Aus den Feuilletons

Mit Karl Marx im Gespräch

Karl Marx Badeentchen mit grauem Rauschebart stehen in der Tourist Information Trier zum Verkauf.
Karl Marx Badeentchen mit grauem Rauschebart stehen in der Tourist Information Trier zum Verkauf. © picture alliance / Harald Tittel
Von Ulrike Timm · 04.05.2018
Endlich ist er da - der 200. Geburtstag von Karl Marx. Die "FAZ" sichtet die Wirkungsgeschichte, während die "Welt" in Trier auf Spurensuche geht. Ohne Marx kein Feuilleton an diesem Tag. Nur die "NZZ" schreibt kein Wort über den Jubilar.
Gefühlt wird er schon seit Wochen, ach was, seit Monaten 200, aber erst jetzt gilt es wirklich: am 5. Mai vor 200 Jahren wurde Karl Marx geboren, und klar, alle Feuilletons legen noch mal einen drauf. Fast alle. Die Neue Zürcher Zeitung schert sich nicht um ihn, hat sich womöglich schon vorab so hart an ihm abgearbeitet, dass ihr schier die Luft ausging?
Dabei könnte man die gereckte Faust auf dem Titel doch als proletarisches Aufbegehren deuten, auch "Die verschwundene Leichtigkeit des Seins" ließe sich mit etwas feuilletonistischem Aufwand zu einer Hymne auf den großen Karl ummodeln – wo doch Herfried Münkler durchaus lesenswert philosophiert: "Das sorglose Leben in Europa ist vorbei. Die Gründe sind offenkundig: Wer viel hat, hat auch viel zu verlieren."

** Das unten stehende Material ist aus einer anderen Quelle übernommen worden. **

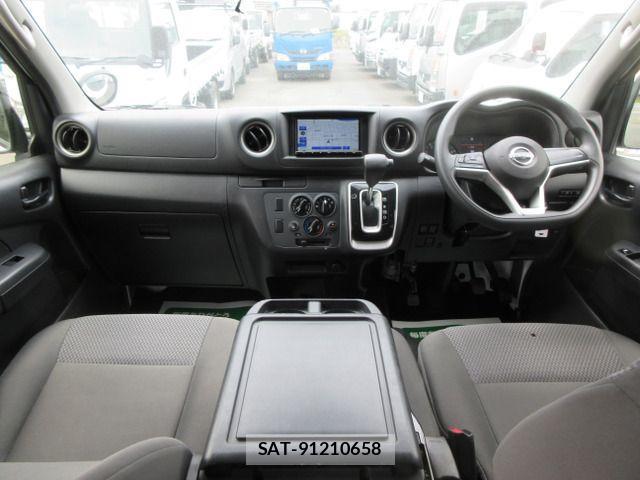 Nissan Caravan 2022-03 909125-9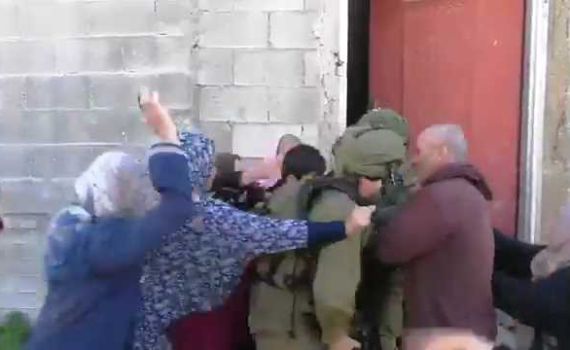 מביש: לוחמי צה"ל חוטפים מכות מפלסטיניות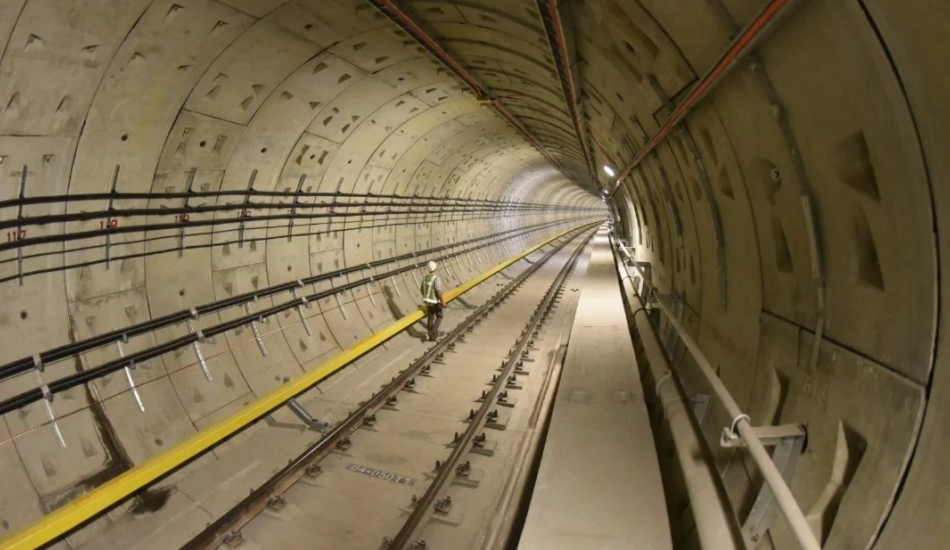 Vue de l'intérieur d'un tunnel ferroviaire en construction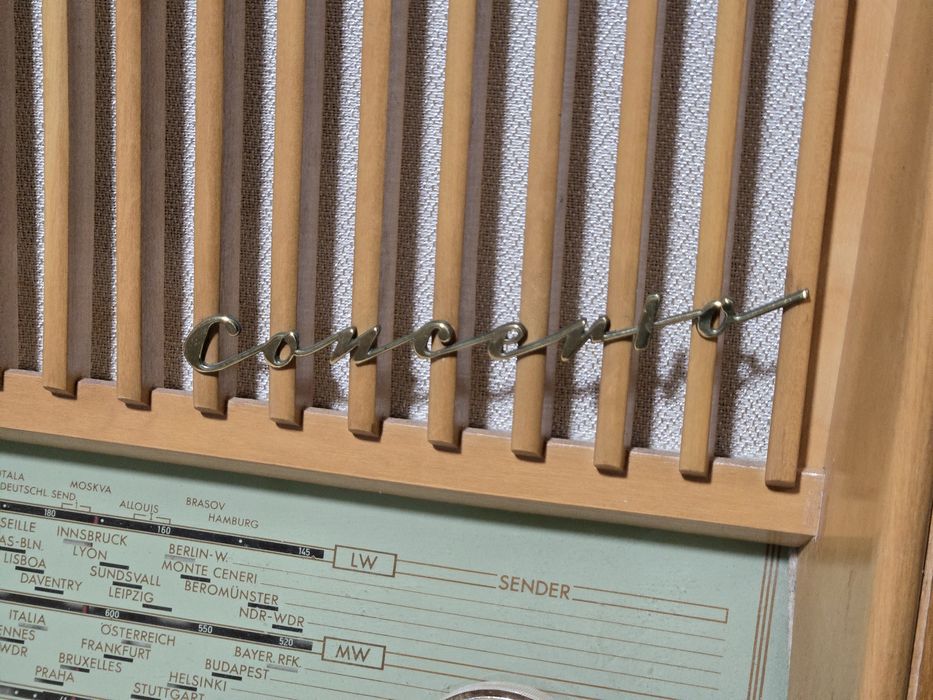 Rádio antigo reparado Telefunken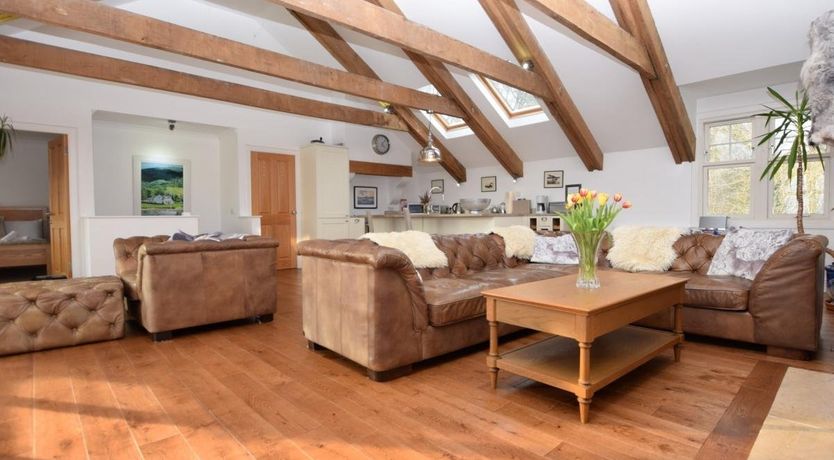 Photo of 5 Bed in Colintraive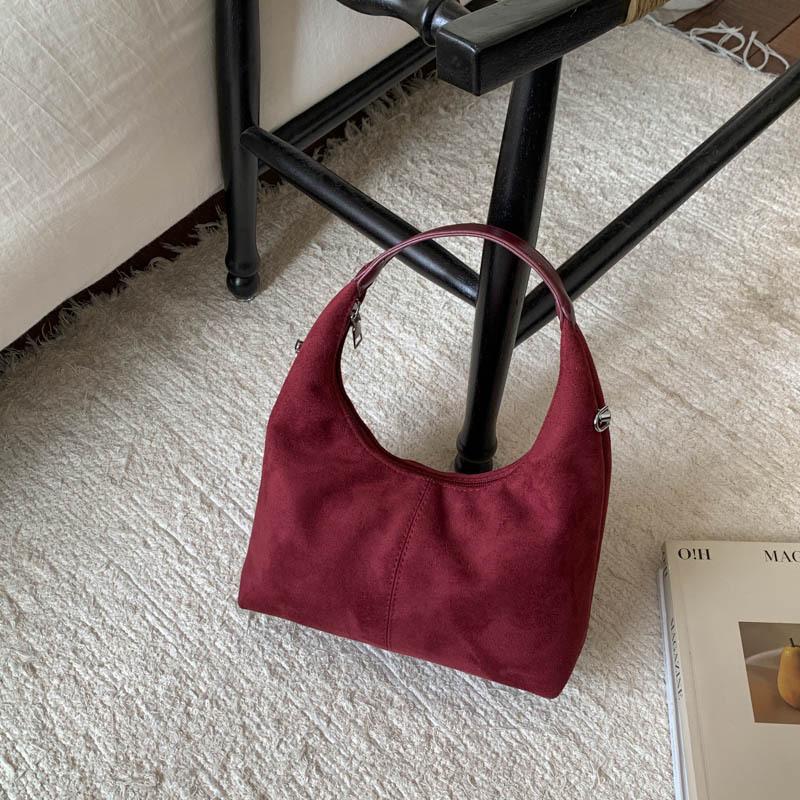 Versatile foreign style niche design dumpling bag 2025 fashion trendy girl new casual retro popular messenger bag bag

Von Adam und Eva zu sozialistischen Utopien

Münkler aber setzt in der NZZ bei Adam und Eva (sic!) an und sinniert über deren sorgenfreies Leben, robbt sich geschichtlich in Siebenmeilenstiefeln voran über sozialistische Utopien, Abstiegsängste und überforderte Politik, müsste eigentlich an manchen Stellen seines Textes nur noch den gezielten Schuss führen zum Geburtstagstor für Marx – aber nix da, kein dezidiertes Wort über den Jubilar! Ob das Methode ist?
"Er lebt", titelt die SÜDDEUTSCHE ZEITUNG andächtig, um dann erstmal mitzuteilen, dass im Haus, in dem Karl Marx aufwuchs, heute ein Ein-Euro-Ramschladen beheimatet ist. "Lockenwickler, Reißnägel, Flachpinsel, Proletarier-Bedarf zu Proletarier-Preisen!". Kostspieliger ist da schon die Marx-Knusperpastete, 2 Euro 90 und damit "70 Cent teurer als der Konstantin-Taler, die Schokoladen-Remineszenz an den römischen Kaiser und Trier-Förderer."

Marx als Konfekt

Marx – verzuckert – als Konfekt, so ist er eben, der Kapitalismus! Glücklicherweise bietet Trier noch mehr, nämlich sehenswerte Ausstellungen zum 200. Geburtstag des Philosophen. Die warten nicht mit den Bleiwüsten seiner ellenlangen Sätze auf, sondern setzen den Denker in Beziehung zur Zeit, in der er lebte. Und wer die Bilder aus dem frühen Industriezeitalter sieht, die von der Armut und den Arbeitsbedingungen des "Manchesterkapitalismus" erzählen, versteht gleich besser, warum Marx dachte, wie er dachte.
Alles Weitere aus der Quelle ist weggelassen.